RISC-V: zero_extend(not) -> xor optimization [PR112398]
Checks
Commit Message
This patch adds optimization of the following patterns:
(zero_extend:M (subreg:N (not:O==M (X:Q==M)))) ->
(xor:M (zero_extend:M (subreg:N (X:M)), 0xffff))
... where mask takes 0xffff bits of N mode bitsize
For the cases when X:M doesn't have any non-zero bits outside of mode N,
(zero_extend:M (subreg:N (X:M)) could be simplified to just (X:M)

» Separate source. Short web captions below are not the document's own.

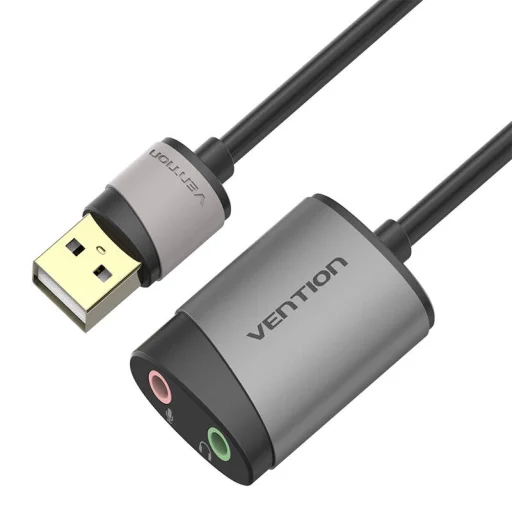 Külső USB Hangkártya Vention CDKHB, TRS 3.5mm, 0.15m (szürke) - 5
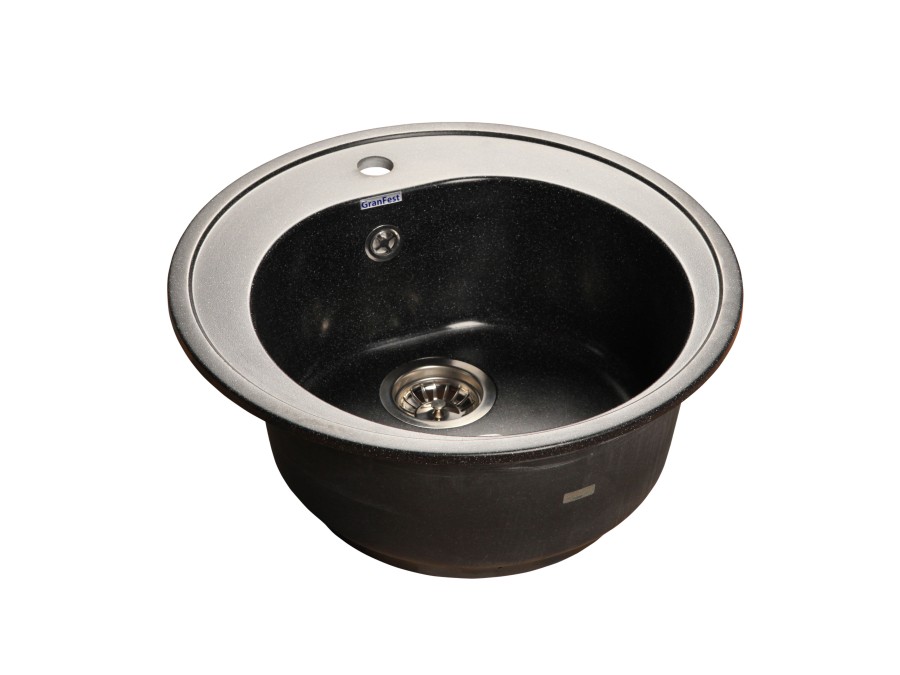 Мойка мраморная GranFest Rondo R-510 (12 цветов)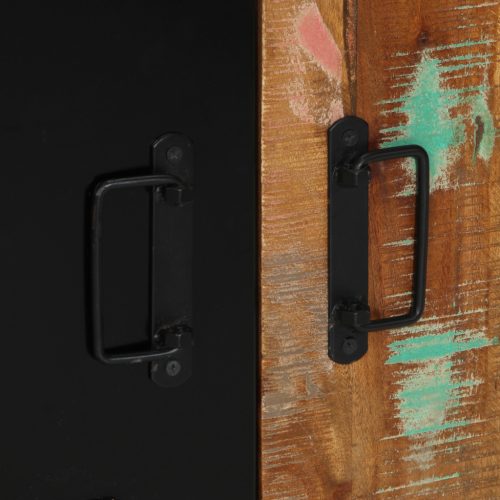  Fürdőszoba bútor szett 4 pcs Szilárd újrahasznosított fa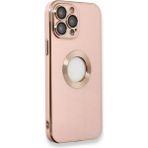 Alan Şanslı iPhone 13 Pro Max Store Pembe Silikon Kılıf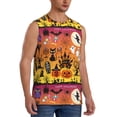 thumbnail image 2 of Kdxio Happy Halloween 4 for Men's Muscle T-shirt,Sleeveless for Workout Running Athletic Gym Lounge Casual, 2 of 7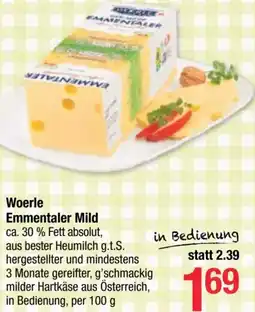 Maximarkt Woerle Emmentaler Mild Angebot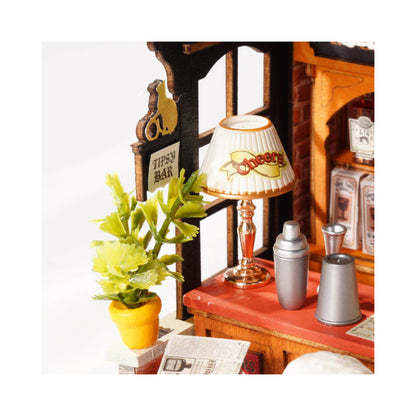Robotime Rolife Tipsy Cat Bar DIY Miniature House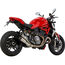 TRC-10 exhaust double silver for Ducati Monster 821/1200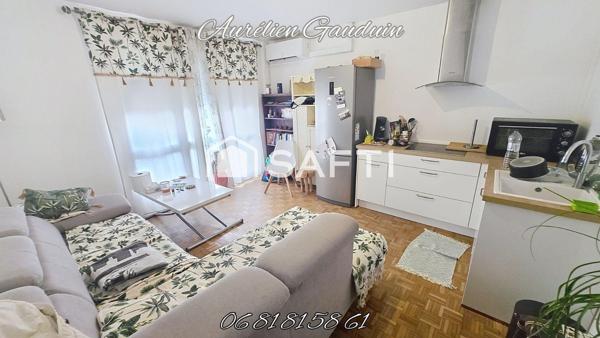 2 Appartements avec jardin privatif + 2 locaux commerciaux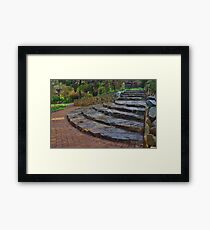 Garden Steps (3) Framed Print
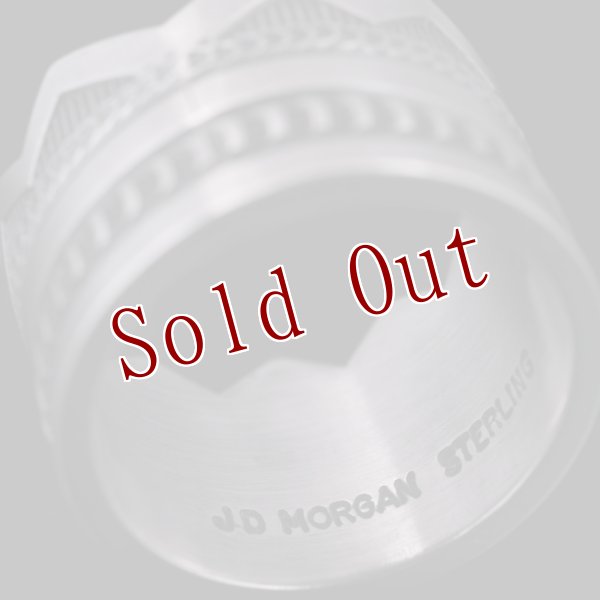 画像5: ナバホ族 Jacob D. Morgan クラウン スタンプ リング 22号 (5)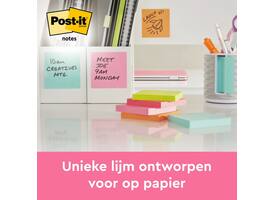 Memoblok Post-it 655 76x127mm 100 vel per blok neon geel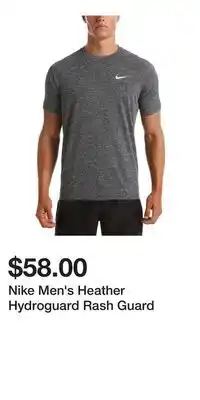 Sport Chek Nike Men's Heather Hydroguard Rash Guard offer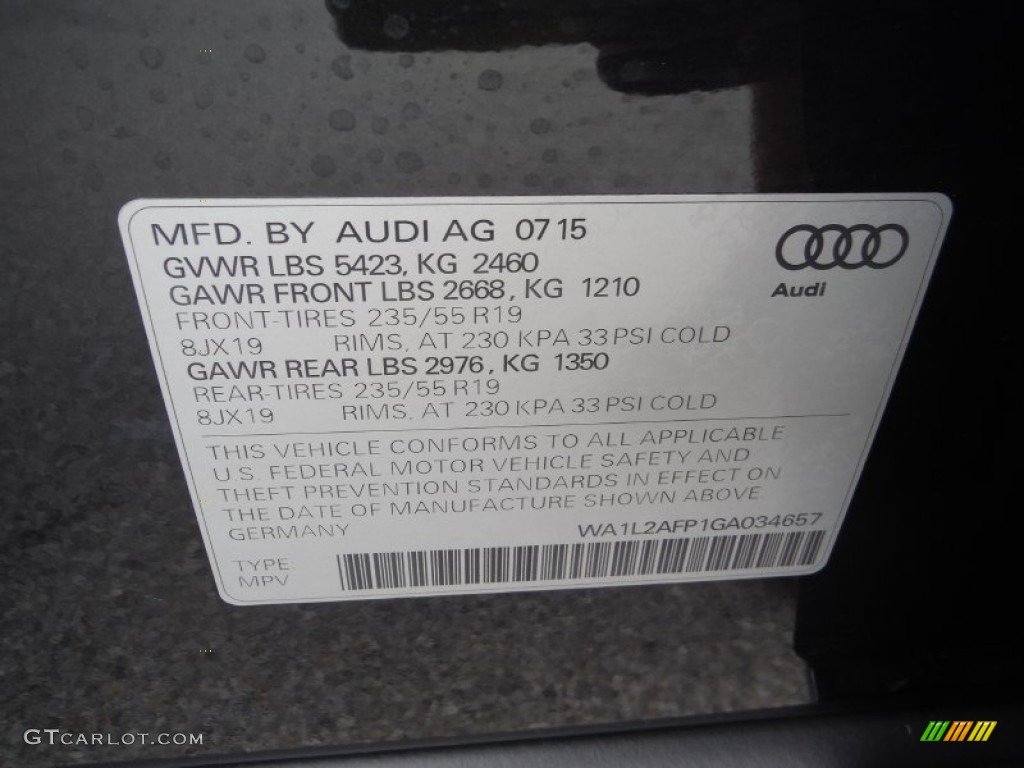 2016 Q5 2.0 TFSI Premium quattro - Moonlight Blue Metallic / Chestnut Brown photo #40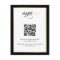 Elegant Script Black and Gold Wedding QR Code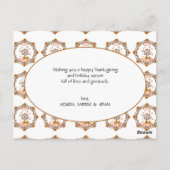 Thanksgiving esdoorn verlaat lijst herfst Briefkaa Briefkaart (Achterkant)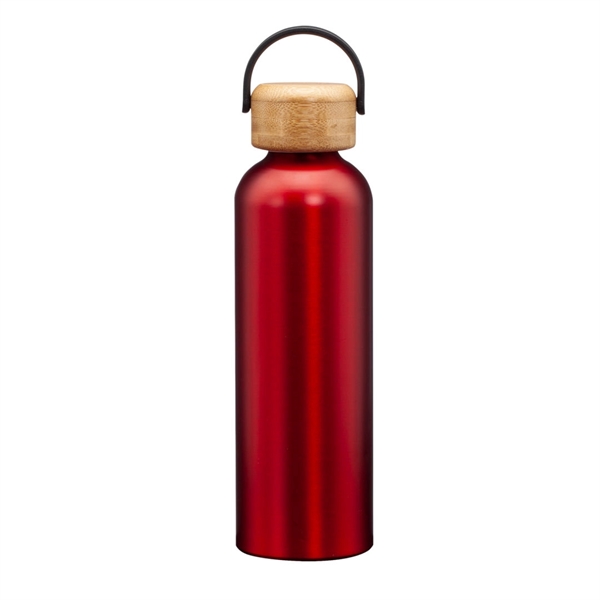 Greenstone Bottle w/Bamboo Twist Lid - 24oz... from ASI 84592 St Regis Group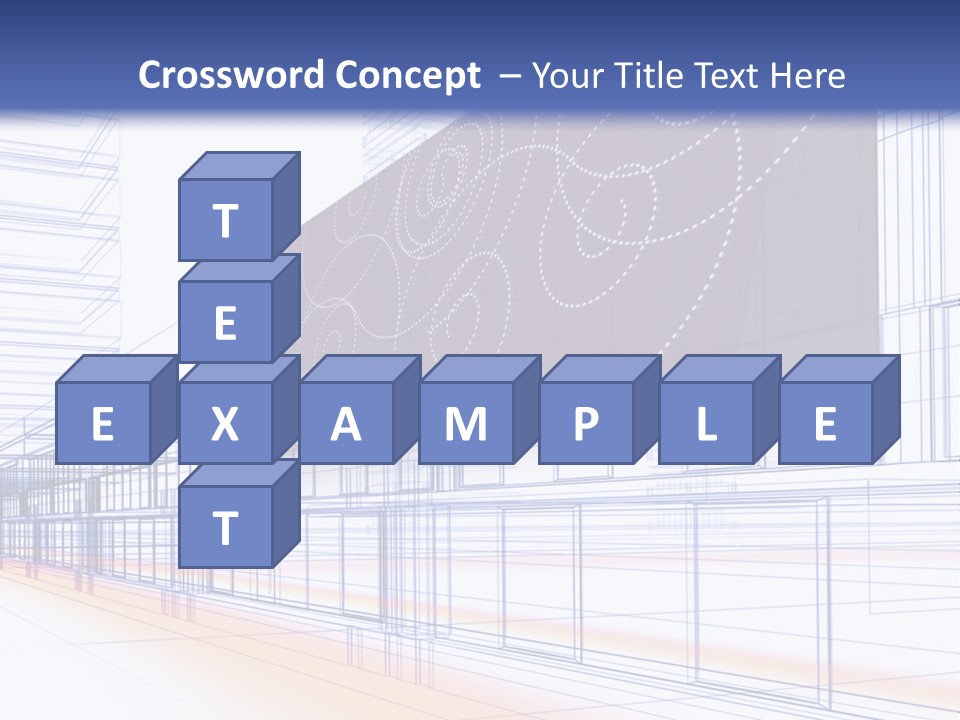 Abstract 3D Constructions PowerPoint Template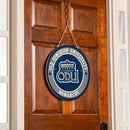 Old Dominion University Round Door Decor with Hanging Rope, 18x18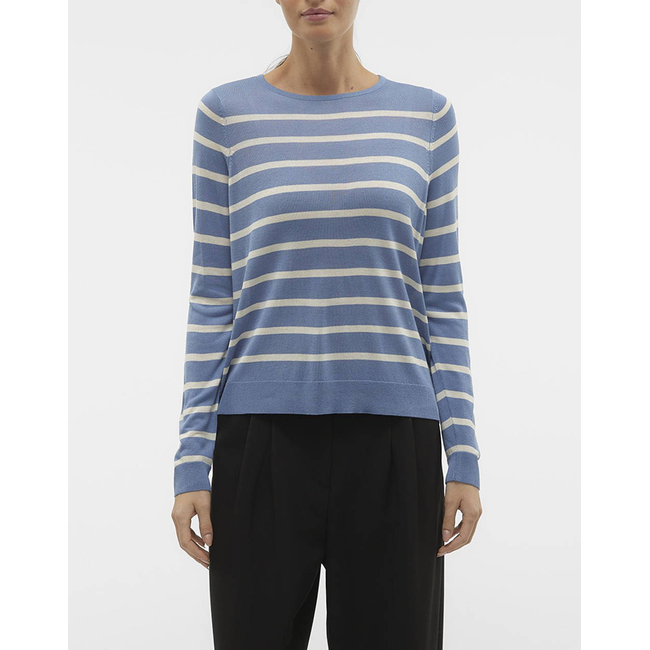 Product VERO MODA VMNOVA LS O-NECK PULLOVER GA NOOS base image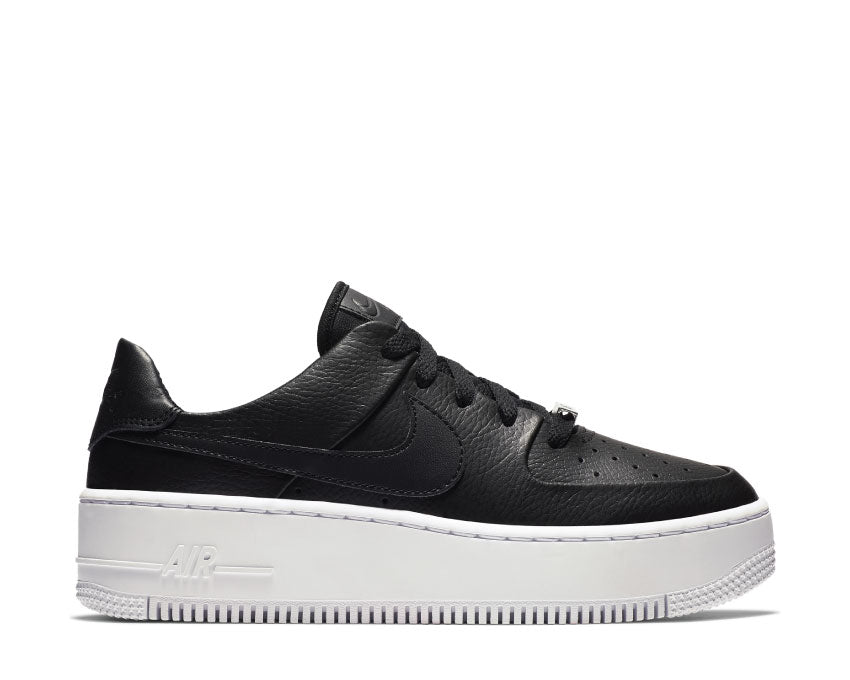 Nike Air Force 1 Sage Low Black / Black - White AR5339-002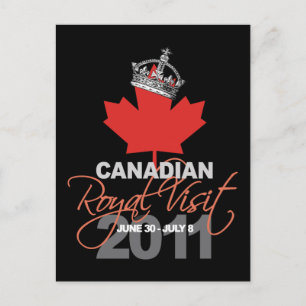 Canidian Royal Visit - William & Kate Wedding Postcard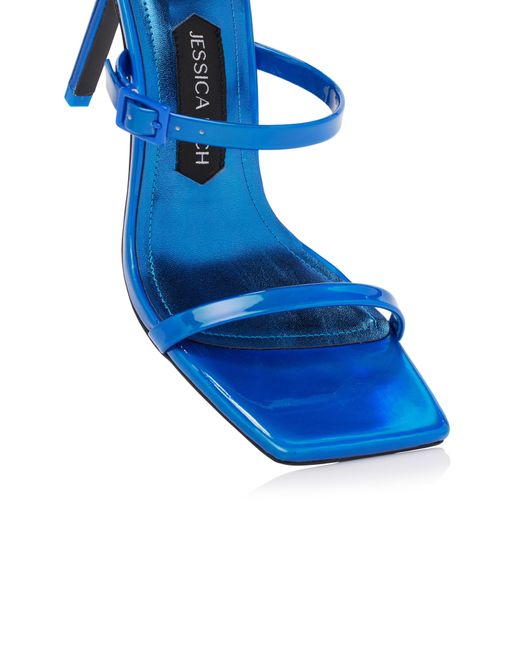 Jessica Rich Ankle Strap Sandal in Blue Lyst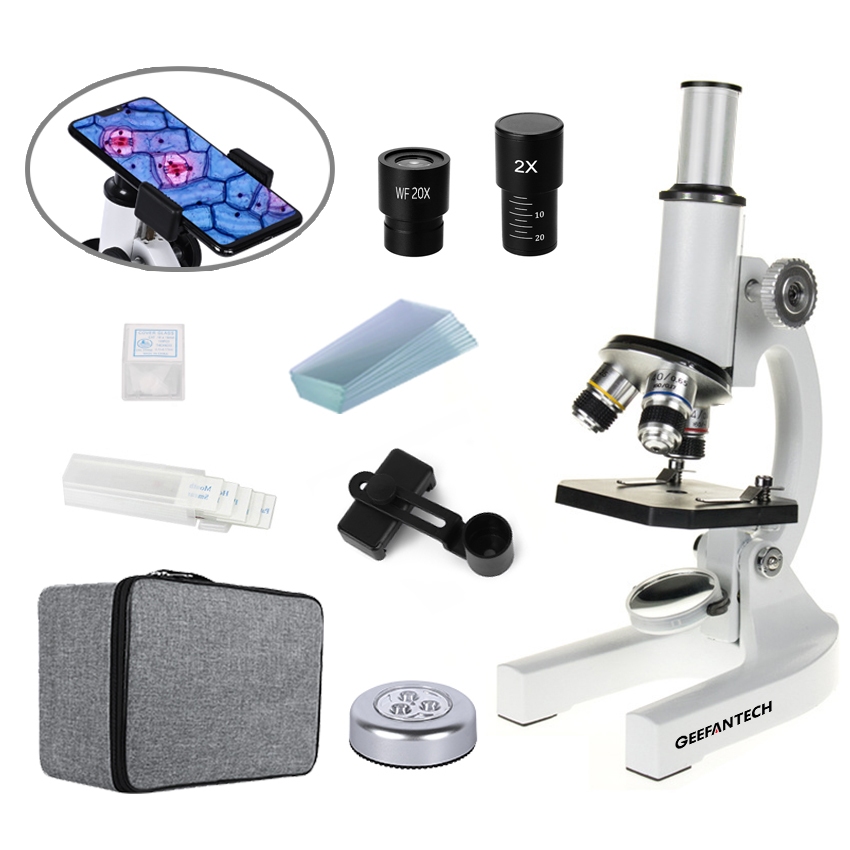 顯微鏡 光學顯微鏡 全金屬專業生物顯微鏡 學生教育 科學實驗室 GF01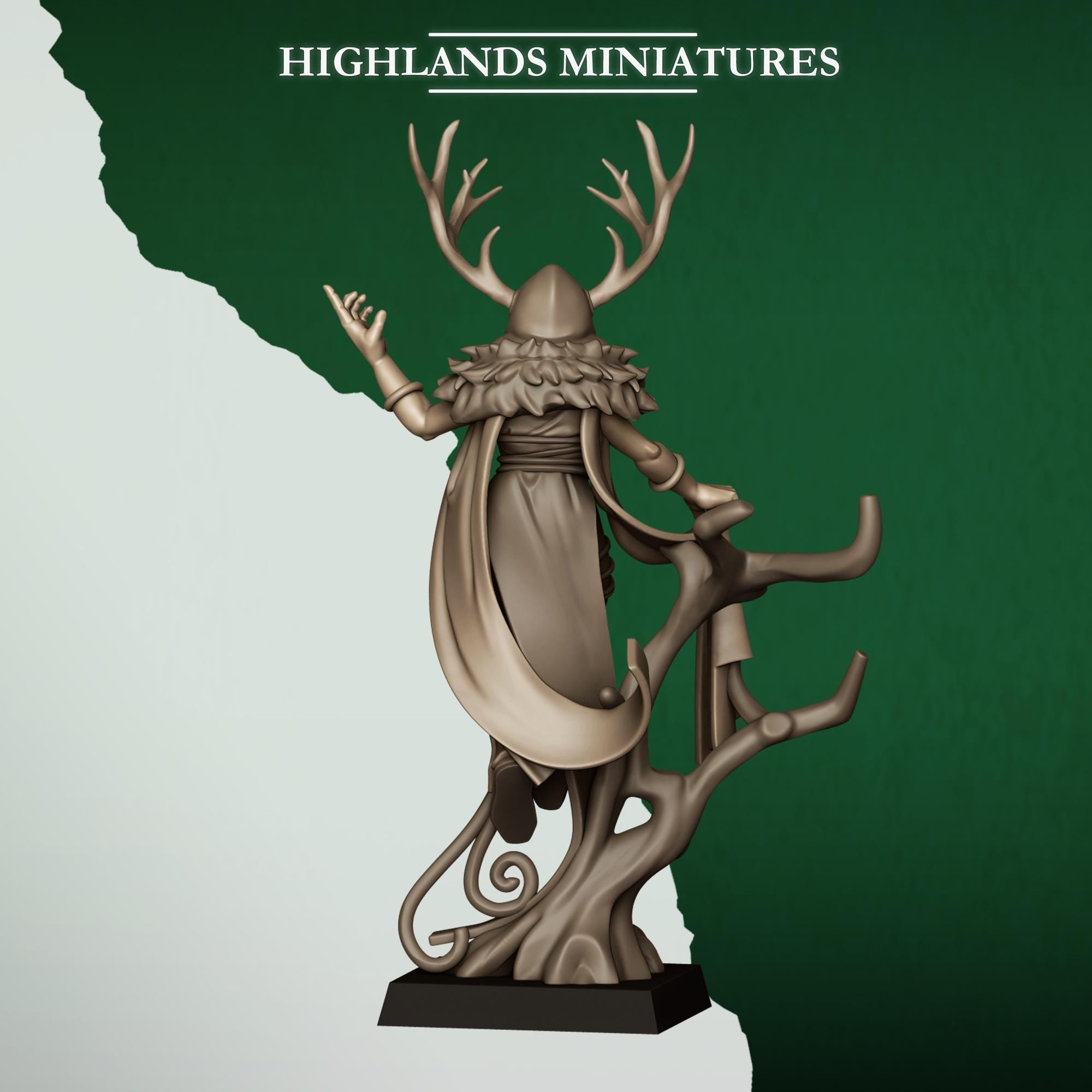 Feral Elf Druid  - in 12k- by Highlands Miniatures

and whole optimization will be:
(zero_extend:M (subreg:N (not:M (X:M)))) ->
(xor:M (X:M, 0xffff))
Patch targets to handle code patterns like:
not a0,a0
andi a0,a0,0xff
to be optimized to:
xori a0,a0,255
Change was locally tested for x86_64 and AArch64 (as most common)
and for RV-64 and MIPS-32 targets (as having an effect from this
optimization):
no regressions for all cases.
gcc/ChangeLog:
* simplify-rtx.cc (simplify_context::simplify_unary_operation_1):
Simplify ZERO_EXTEND (SUBREG (NOT X)) to XOR (X, 0xff...f) when X
doesn't have any non-zero bits outside of SUBREG mode.
gcc/testsuite/ChangeLog:
* gcc.target/riscv/pr112398.c: New test.
Signed-off-by: Alexey Merzlyakov <alexey.merzlyakov@samsung.com>
---
gcc/simplify-rtx.cc | 23 +++++++++++++++++++++++
gcc/testsuite/gcc.target/riscv/pr112398.c | 14 ++++++++++++++
2 files changed, 37 insertions(+)
create mode 100644 gcc/testsuite/gcc.target/riscv/pr112398.c
Comments
On 11/2/24 2:58 AM, Alexey Merzlyakov wrote:
> This patch adds optimization of the following patterns:
>
> (zero_extend:M (subreg:N (not:O==M (X:Q==M)))) ->
> (xor:M (zero_extend:M (subreg:N (X:M)), 0xffff))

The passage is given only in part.